(The problem): Below are records to transcribe exactly, without their pictures.

————

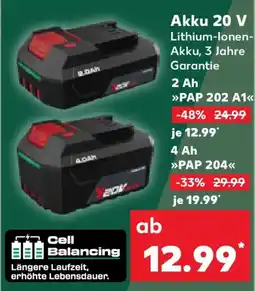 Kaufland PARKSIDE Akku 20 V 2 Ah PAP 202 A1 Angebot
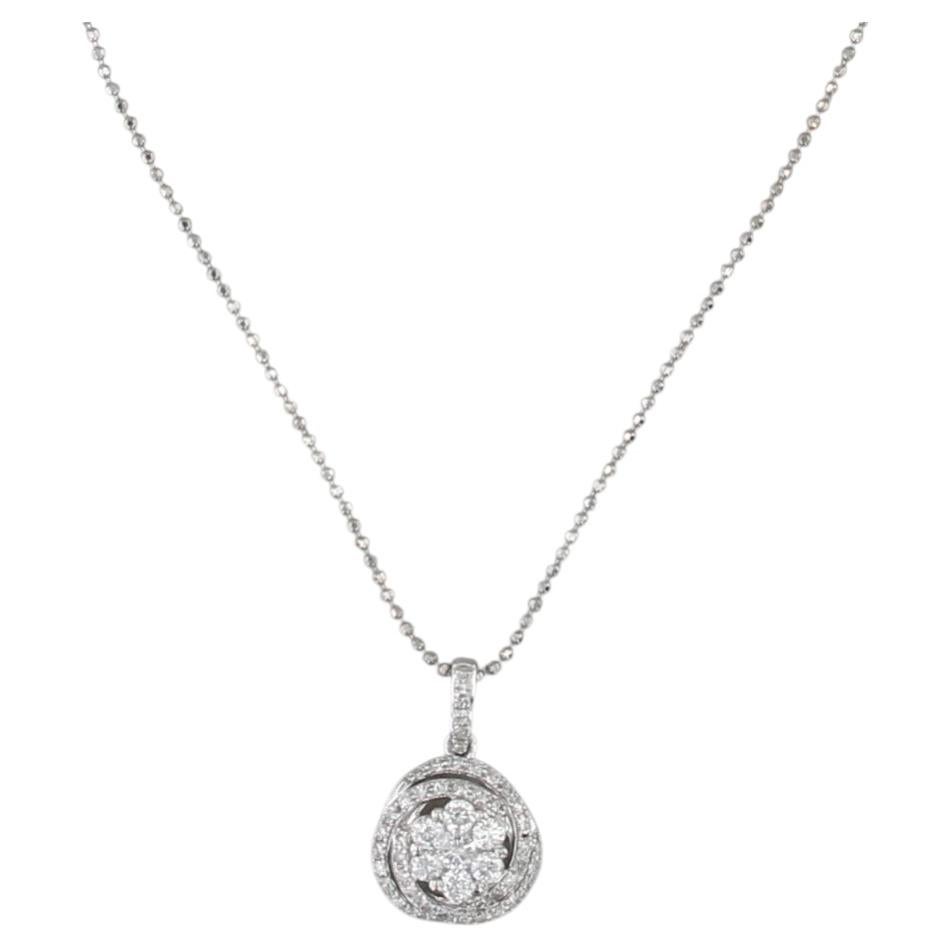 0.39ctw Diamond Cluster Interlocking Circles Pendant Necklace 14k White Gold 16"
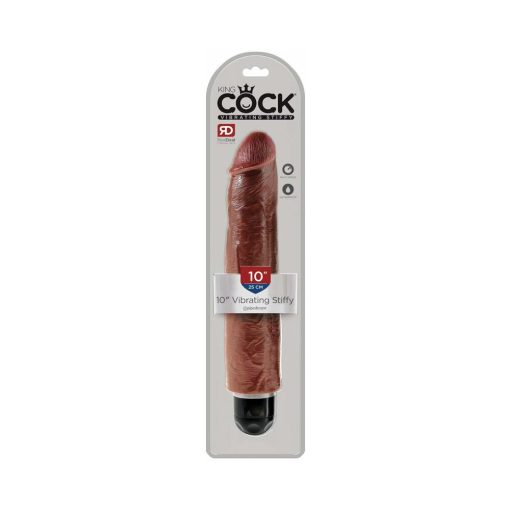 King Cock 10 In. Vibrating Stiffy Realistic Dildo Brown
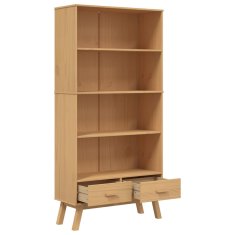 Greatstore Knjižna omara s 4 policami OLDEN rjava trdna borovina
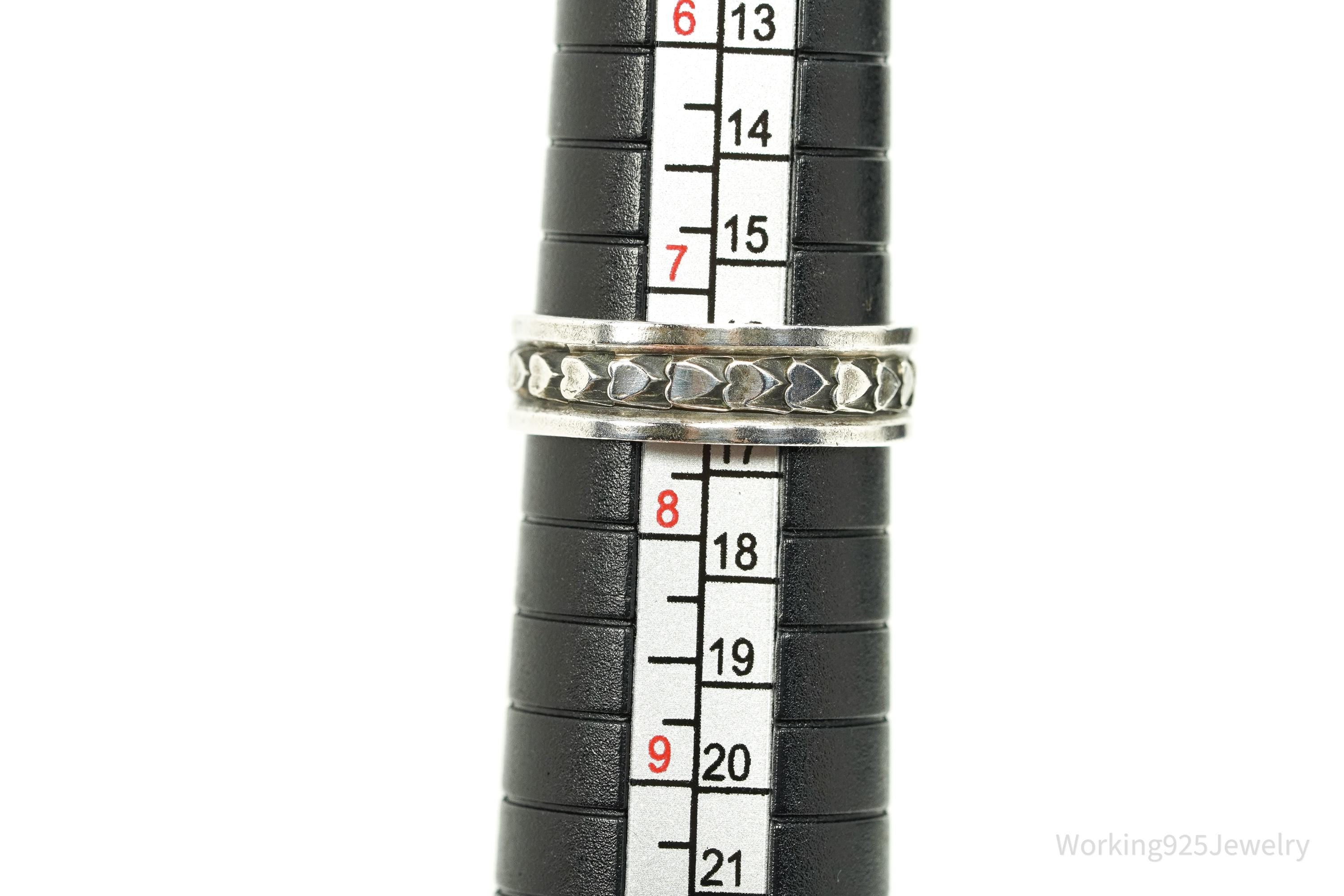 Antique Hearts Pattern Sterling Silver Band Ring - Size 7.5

————

(Task answer):
 Kaufland PARKSIDE Akku 20 V 2 Ah PAP 202 A1 Angebot
 0.39ctw Diamond Cluster Interlocking Circles Pendant Necklace 14k White Gold 16"
 King Cock 10 In. Vibrating Stiffy Realistic Dildo Brown
 Greatstore Knjižna omara s 4 policami OLDEN rjava trdna borovina
 Antique Hearts Pattern Sterling Silver Band Ring - Size 7.5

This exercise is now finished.